PROBLEM TO SOLVE
Look in the data below for the line that has "Hey everybody, it's", then print exactly every line from there through the line that has "As with other", leaving pictures out.

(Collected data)
# # # # #

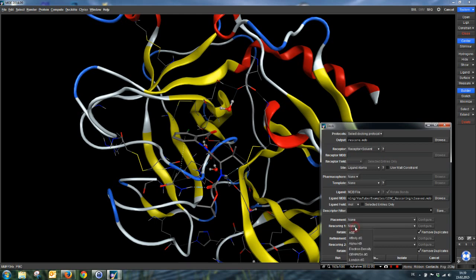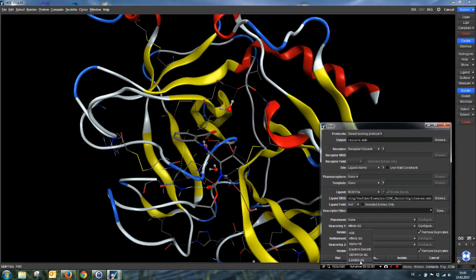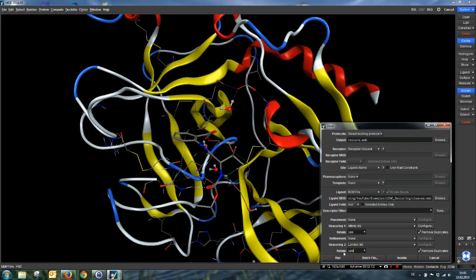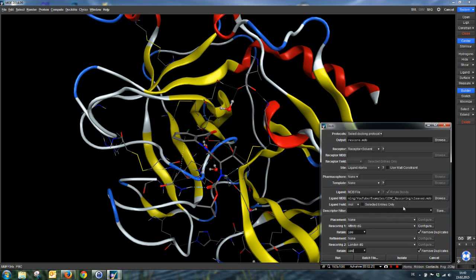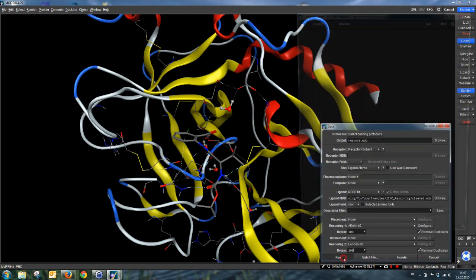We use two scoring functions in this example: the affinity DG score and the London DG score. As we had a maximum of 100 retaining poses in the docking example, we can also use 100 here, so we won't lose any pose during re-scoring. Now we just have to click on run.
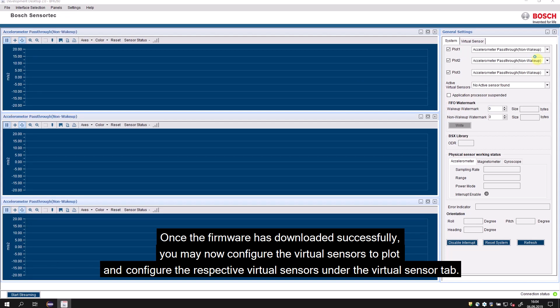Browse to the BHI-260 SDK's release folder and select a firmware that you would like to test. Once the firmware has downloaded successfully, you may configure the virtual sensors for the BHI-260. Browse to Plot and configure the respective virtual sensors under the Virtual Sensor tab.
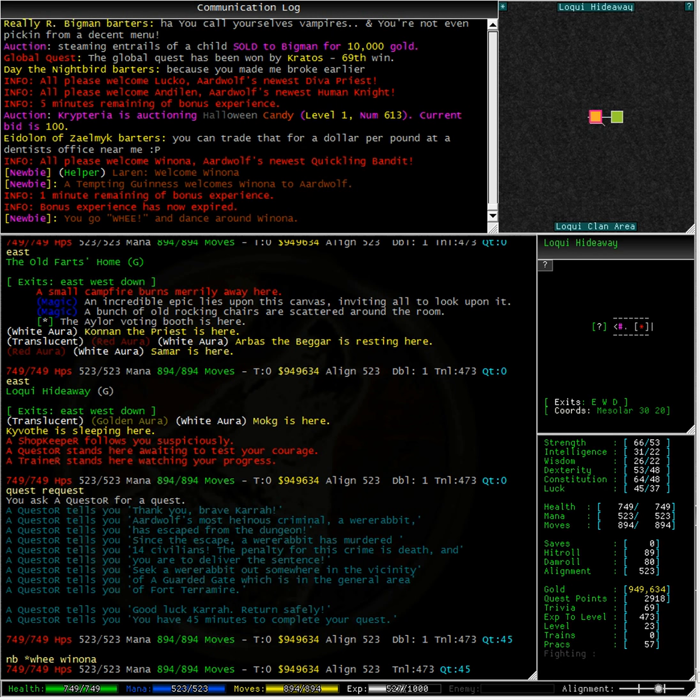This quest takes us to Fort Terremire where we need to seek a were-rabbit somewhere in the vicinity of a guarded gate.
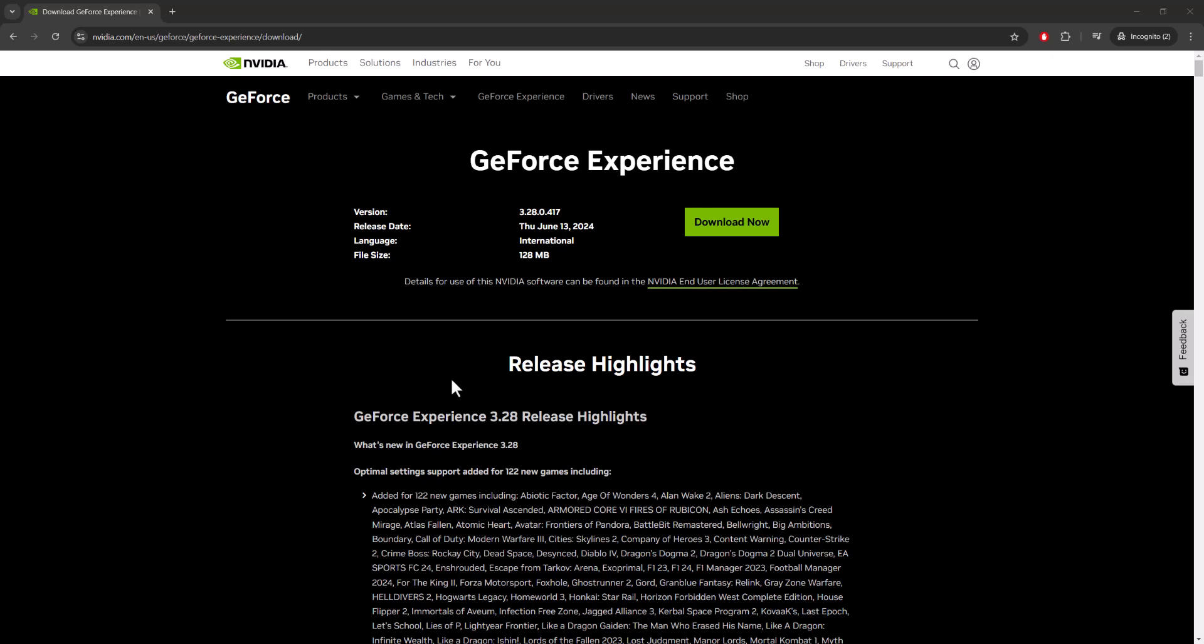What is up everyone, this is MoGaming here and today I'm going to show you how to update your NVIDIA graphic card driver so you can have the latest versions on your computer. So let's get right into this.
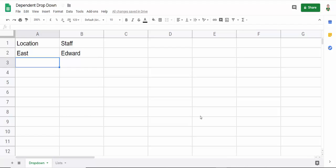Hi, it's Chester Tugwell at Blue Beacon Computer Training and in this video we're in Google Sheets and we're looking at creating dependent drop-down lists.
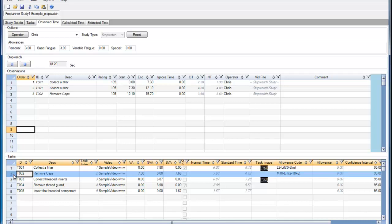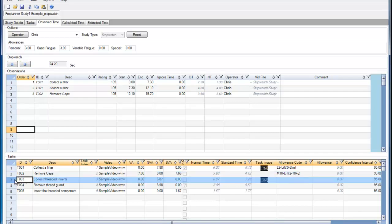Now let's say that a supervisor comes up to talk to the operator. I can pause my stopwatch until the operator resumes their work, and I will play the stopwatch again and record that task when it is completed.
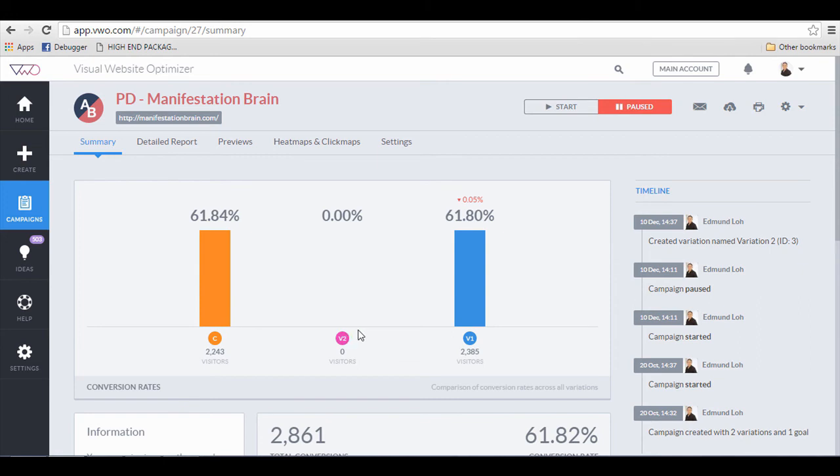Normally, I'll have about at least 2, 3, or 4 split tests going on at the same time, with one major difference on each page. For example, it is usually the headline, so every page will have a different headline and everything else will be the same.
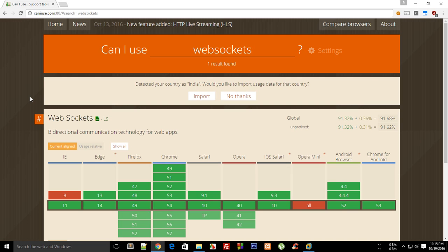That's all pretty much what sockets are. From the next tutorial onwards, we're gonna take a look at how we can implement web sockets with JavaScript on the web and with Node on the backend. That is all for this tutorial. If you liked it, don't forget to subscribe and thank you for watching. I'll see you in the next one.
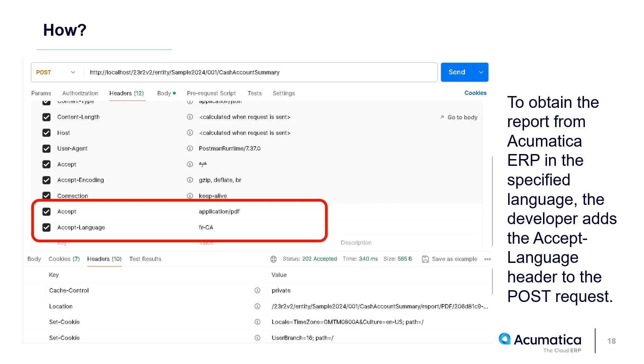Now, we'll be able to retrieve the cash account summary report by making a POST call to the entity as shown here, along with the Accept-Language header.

# # # # #

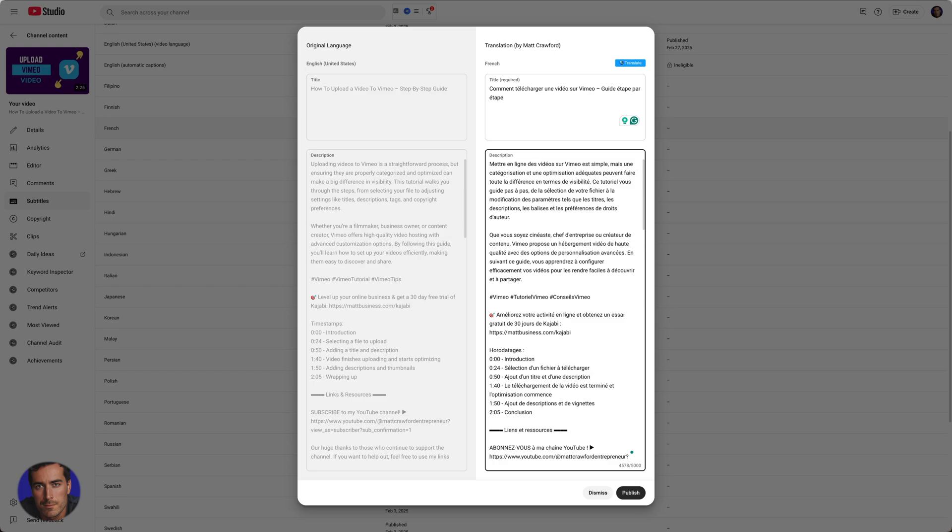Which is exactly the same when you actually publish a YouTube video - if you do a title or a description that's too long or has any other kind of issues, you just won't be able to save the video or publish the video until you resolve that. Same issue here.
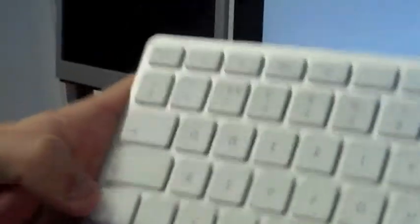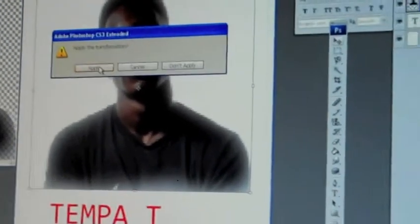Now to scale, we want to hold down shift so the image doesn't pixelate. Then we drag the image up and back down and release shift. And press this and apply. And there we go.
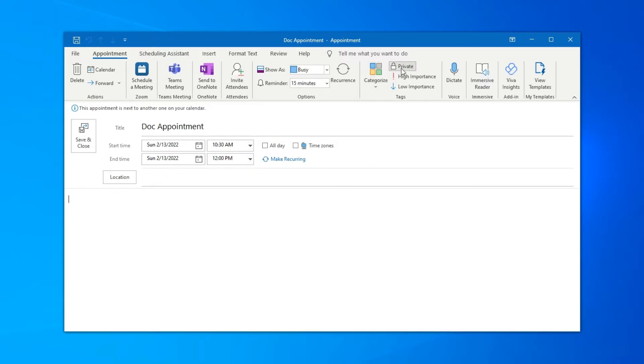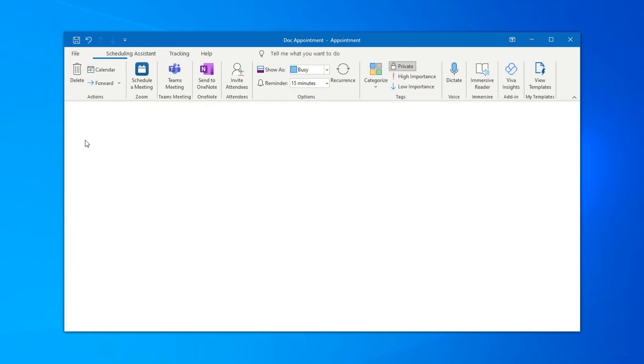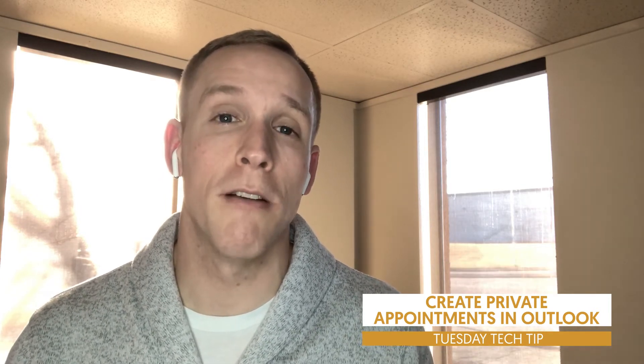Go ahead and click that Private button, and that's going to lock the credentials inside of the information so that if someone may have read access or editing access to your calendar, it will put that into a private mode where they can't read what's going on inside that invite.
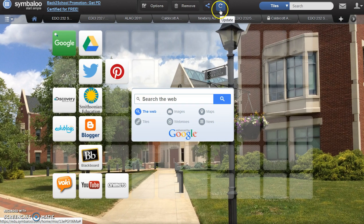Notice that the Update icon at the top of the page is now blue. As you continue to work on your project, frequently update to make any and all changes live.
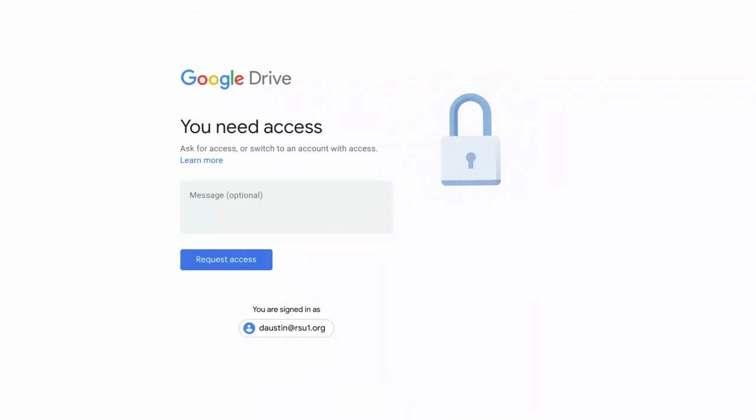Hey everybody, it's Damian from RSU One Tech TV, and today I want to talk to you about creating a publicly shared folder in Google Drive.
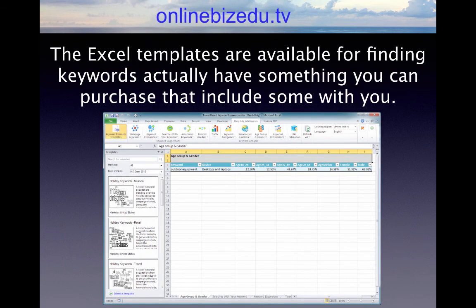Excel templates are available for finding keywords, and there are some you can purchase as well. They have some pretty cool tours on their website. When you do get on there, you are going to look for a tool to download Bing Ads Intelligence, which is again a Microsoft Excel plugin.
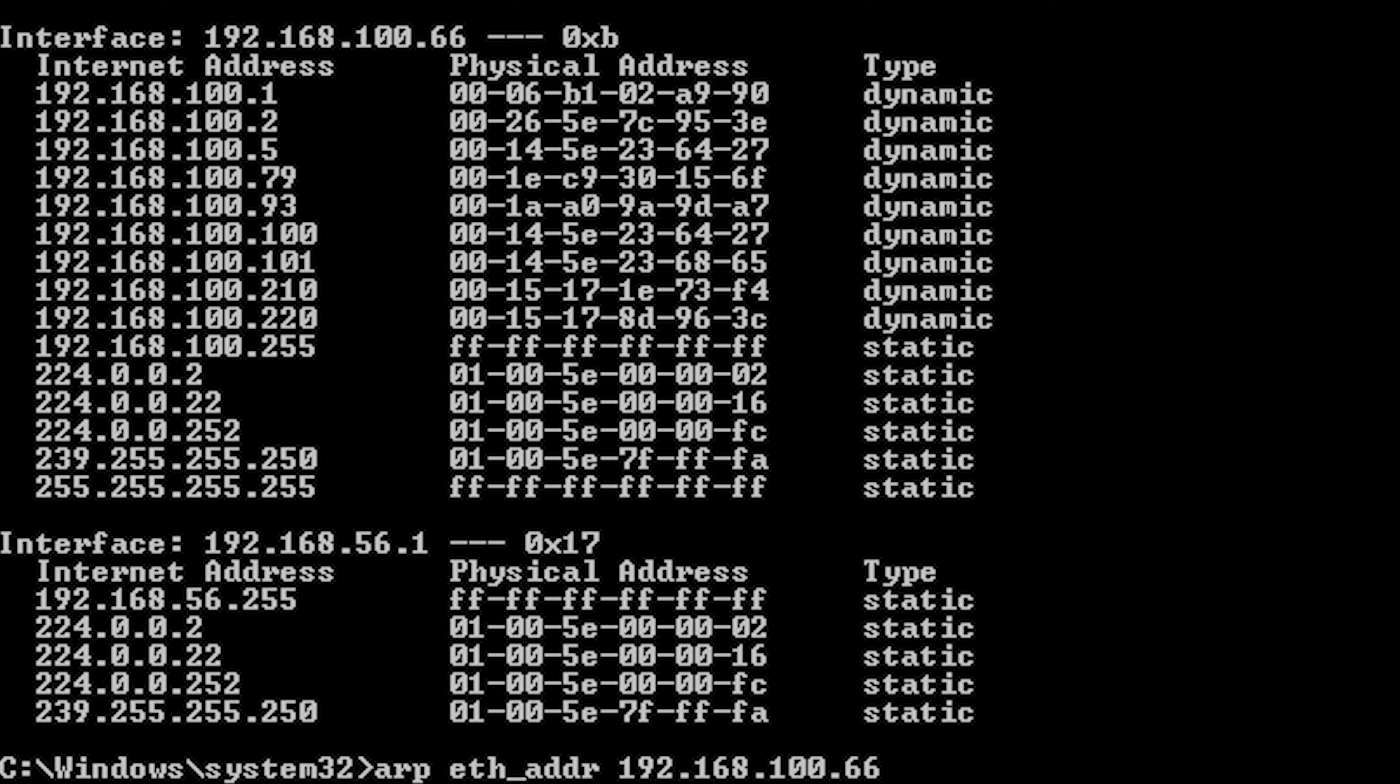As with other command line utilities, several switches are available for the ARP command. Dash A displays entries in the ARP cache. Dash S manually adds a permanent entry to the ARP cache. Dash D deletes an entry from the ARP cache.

# # # # #

TASK ANSWER
Hey everybody, it's Damian from RSU One Tech TV, and today I want to talk to you about creating a publicly shared folder in Google Drive.
Excel templates are available for finding keywords, and there are some you can purchase as well. They have some pretty cool tours on their website. When you do get on there, you are going to look for a tool to download Bing Ads Intelligence, which is again a Microsoft Excel plugin.
As with other command line utilities, several switches are available for the ARP command. Dash A displays entries in the ARP cache. Dash S manually adds a permanent entry to the ARP cache. Dash D deletes an entry from the ARP cache.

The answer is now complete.